Riverside County houses typically trade at a discount to rental parity. In fact, the nearly 25% discount puts Riverside County properties near payment parity, the price point where PITI equals rent. Owners in Riverside County benefit fully from tax savings and amortization whereas OC buyers need this to offset their higher house payments.
Note the orange line below. This represents the fundamental value of Riverside County homes relative to rent. Notice in particularly the period from 1993 to 1999 when house prices hovered near this line. That is the resting point where a normal market would find equilibrium. As you can plainly see, house prices bubbled enormously, then crashed below fundamental value, and even with the big rise off the bottom, the market is still significantly undervalued.
The charts below show the yearly percentage change in resale and rental prices. A few things jump out. First, the housing bubble with its 35% Y-o-Y appreciation was obviously a cause for alarm — for anyone who understood value. The current rate of appreciation is equally alarming, but since the market is so drastically undervalued, this rapid increase may cool off without leading inevitably to a price crash.
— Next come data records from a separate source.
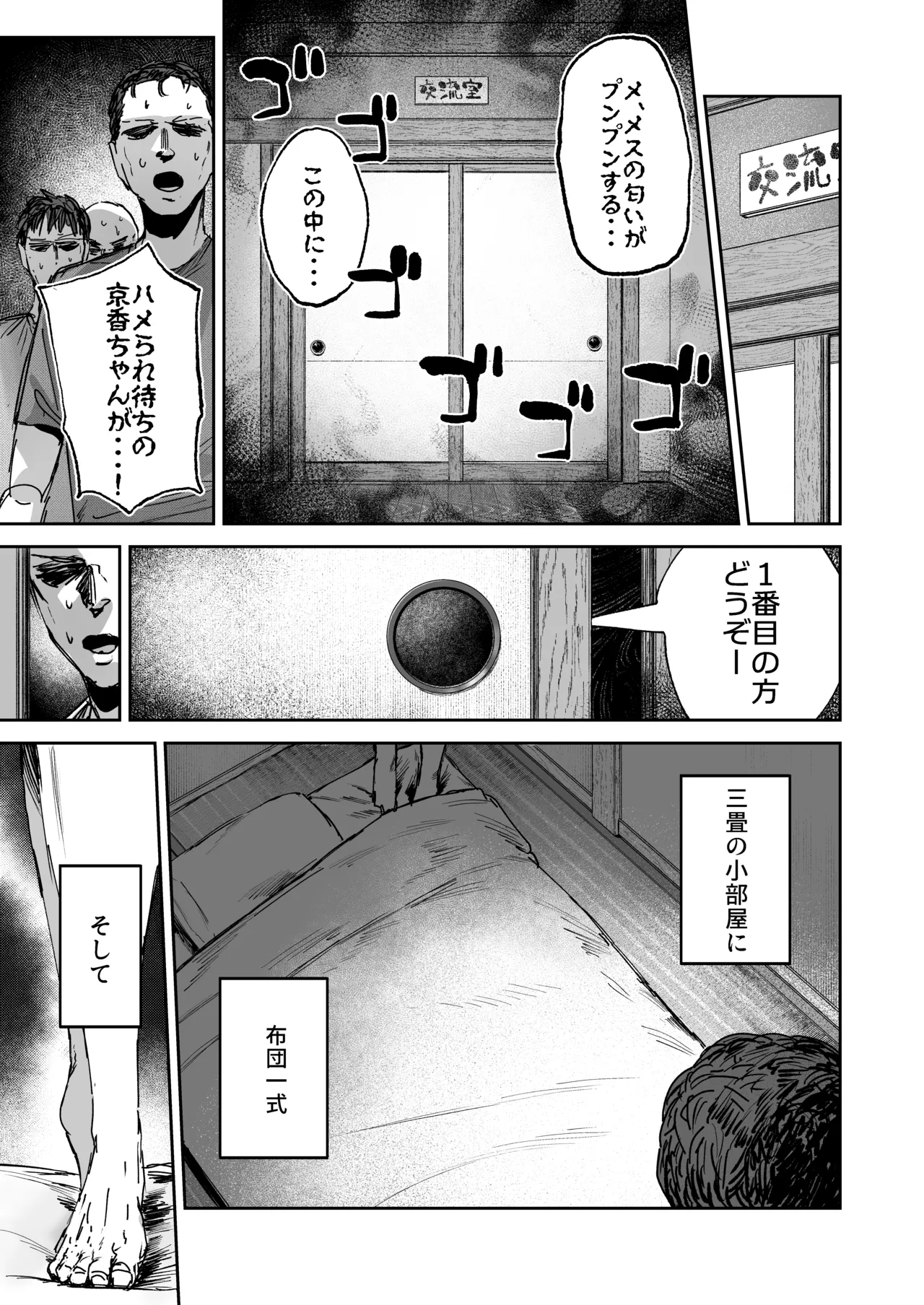 Page 18 of [Mandara Ryuuseigun (Signo Mandara)] 無表情JK相沢さん バ先でお客さんと全力ご褒美H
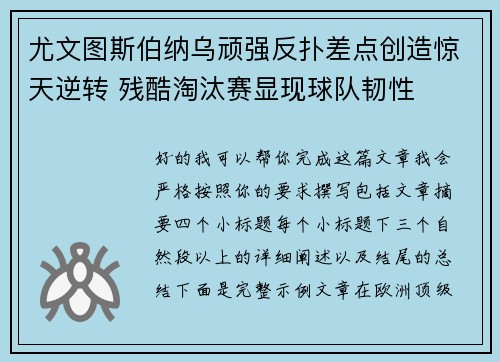 尤文图斯伯纳乌顽强反扑差点创造惊天逆转 残酷淘汰赛显现球队韧性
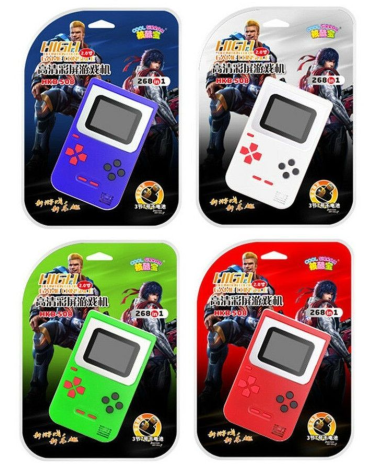 Φορητή κονσόλα παιχνιδιών - HKB-502 - 331237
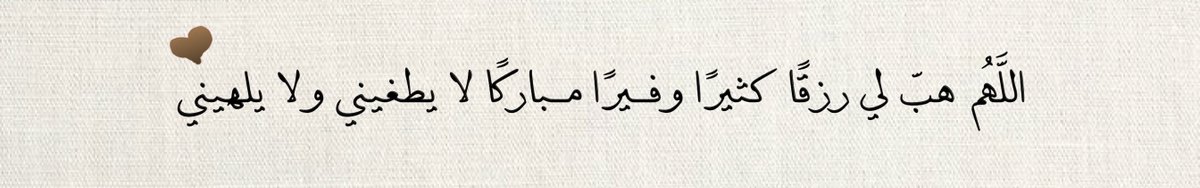 نــاي (@naiii_n3) on Twitter photo 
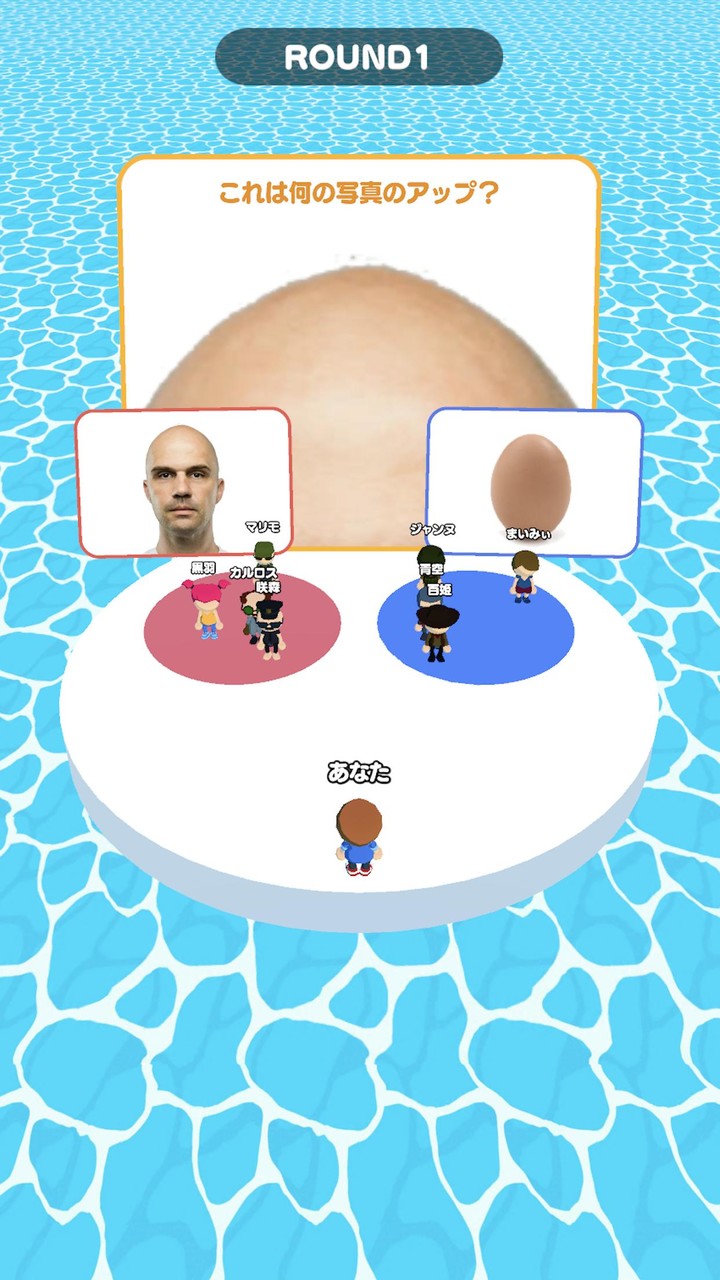 クイズサバイバル -暇つぶし脳トレゲーム- screenshot image 2_Popularmodapk.com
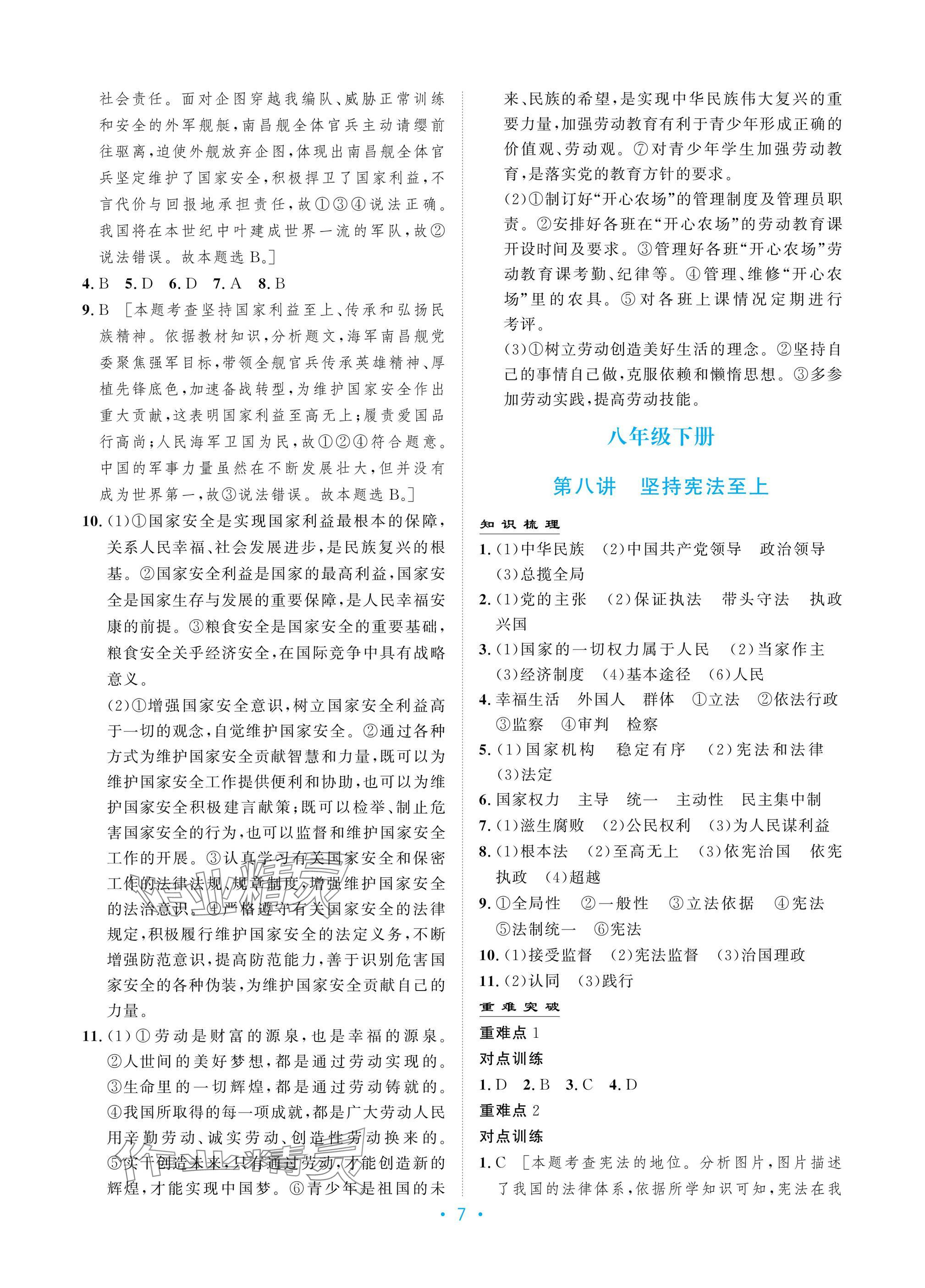 2025年新優化設計初中總復習道德與法治 參考答案第7頁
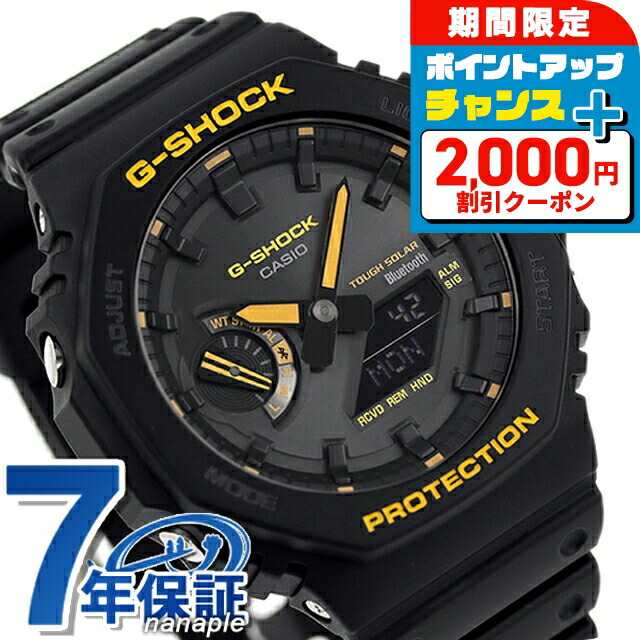 ga-b2100cy-1adr.jpg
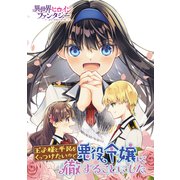 王子様と平民をくっつけたいので悪役令嬢に徹することにした（講談社） [電子書籍]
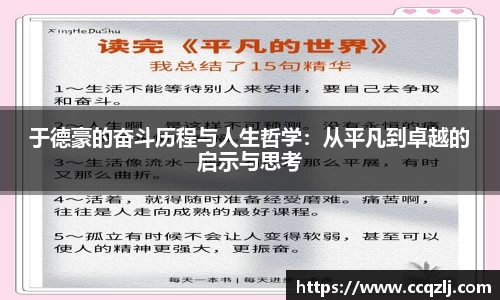 PA视讯游戏官网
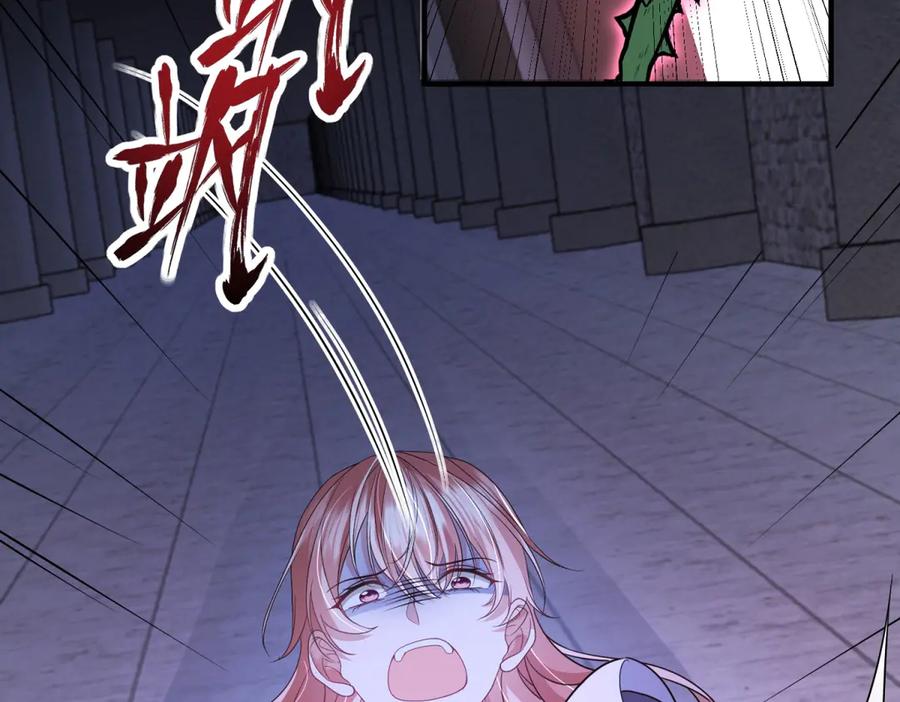 《成为病娇伯爵的女仆》第48话 妒火中烧 第75页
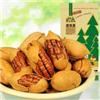 碧根果长寿果袋装210g特产休闲食品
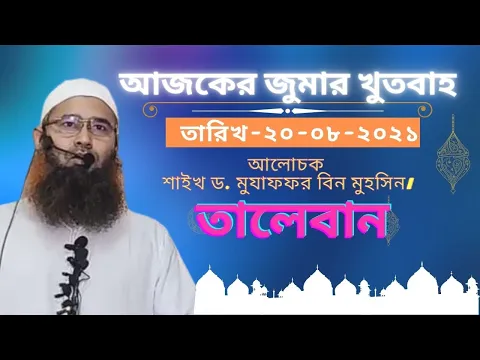 বিভিন্ন দলের আকিদ্বা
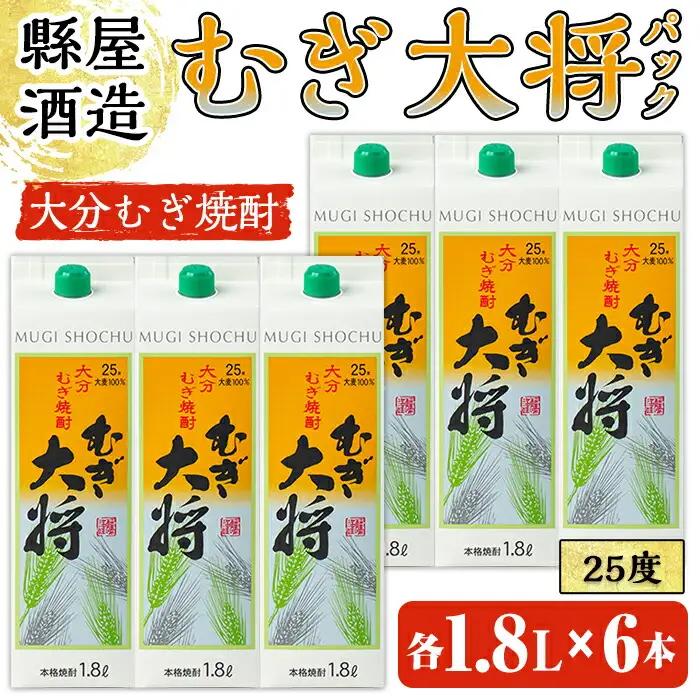 むぎ大将パック(計10.8L・1.8L×6本)大分むぎ焼酎 1800ml お酒 むぎ焼酎 麦焼酎 紙パック 常温【100100201】【縣屋酒造】
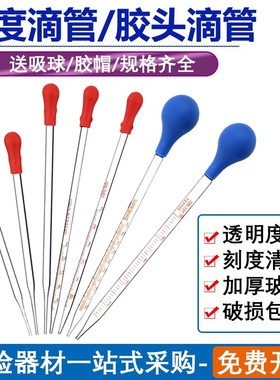 玻璃刻度滴管 蓝吸球刻度吸管20cm长1ml2ml3ml5ml10ml 一次性滴管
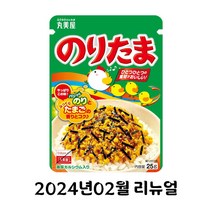 후리카케 노리타마 대용량 58g x 3SET, 25g, 10개
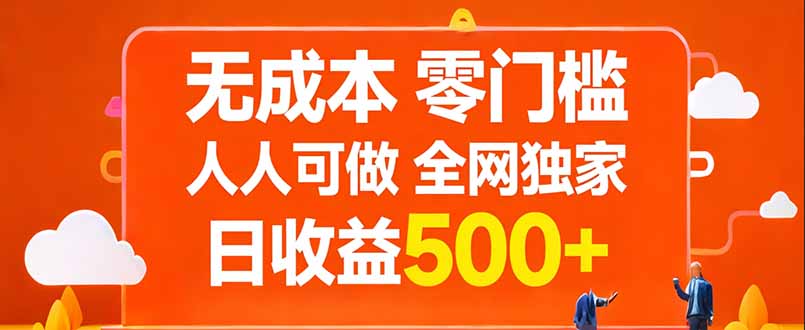 无成本，零门槛，人人可做，全网独家，真实日收益500+-58创客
The second thing that catches your eye is the dramatic spike in rents in 2007 and 2008. This certainly isn’t due to any improving fundamental. House prices were crashing, and the economy was imploding along with it. The huge increase in rents was caused by foreclosed owners becoming renters and bidding up the available rental stock. The conversion from owner-occupied status to rental units did not keep up with the new demand. However, once investors started buying up these properties and converting them to rentals, rents declined for a while, and only recently have they begun growing again, albeit at a tepid pace.
The charts below show the relationship between house price and rental parity. Again, you can see the stable period from 1993 and 1999 that serves as a basis for establishing value. This market went from nearly 30% under rental parity to an astonishing 100% above rental parity during the housing bubble. What’s equally astonishing is the depth of the crash. House prices bottomed out more than 50% below rental parity. No wonder investors were flocking to this market.
The OCHN rating system was lukewarm on this market for much of the 1990s. The market was stable, but never really undervalued. The housing bubble dropped the rating to its lowest possible reading for several years, and the crash raised it to the highest possible rating for the last several years. This market is still a very good value.
The final two charts show exactly why investors are focusing on this market. During the 1990s, cap rates exceeded mortgage interest rates making most of Riverside County cashflow positive. The bubbles both caused cap rates to plummet.
The bottom chart shows the conditions facing financed investors. Cash-on-cash returns peaked at nearly 25%. The recent price increases have dropped these returns to 15%, but that’s still very good by historic measures. Unlike OC, properties in Riverside County are still cashflow positive.
San Bernardino County
San Bernardino County, California, is due east of Los Angeles County and north of Riverside County. It shares much the same settlement history as Riverside County, and the two are often referred to as a single unit, the Inland Empire.
San Bernardino County shows the same pattern of valuation and trends as Riverside County, but San Bernardino is even more undervalued.
San Bernardino County has not recovered as quickly as Riverside County. I expect to see more investor activity there as the large funds leave Riverside County looking for better cap rates.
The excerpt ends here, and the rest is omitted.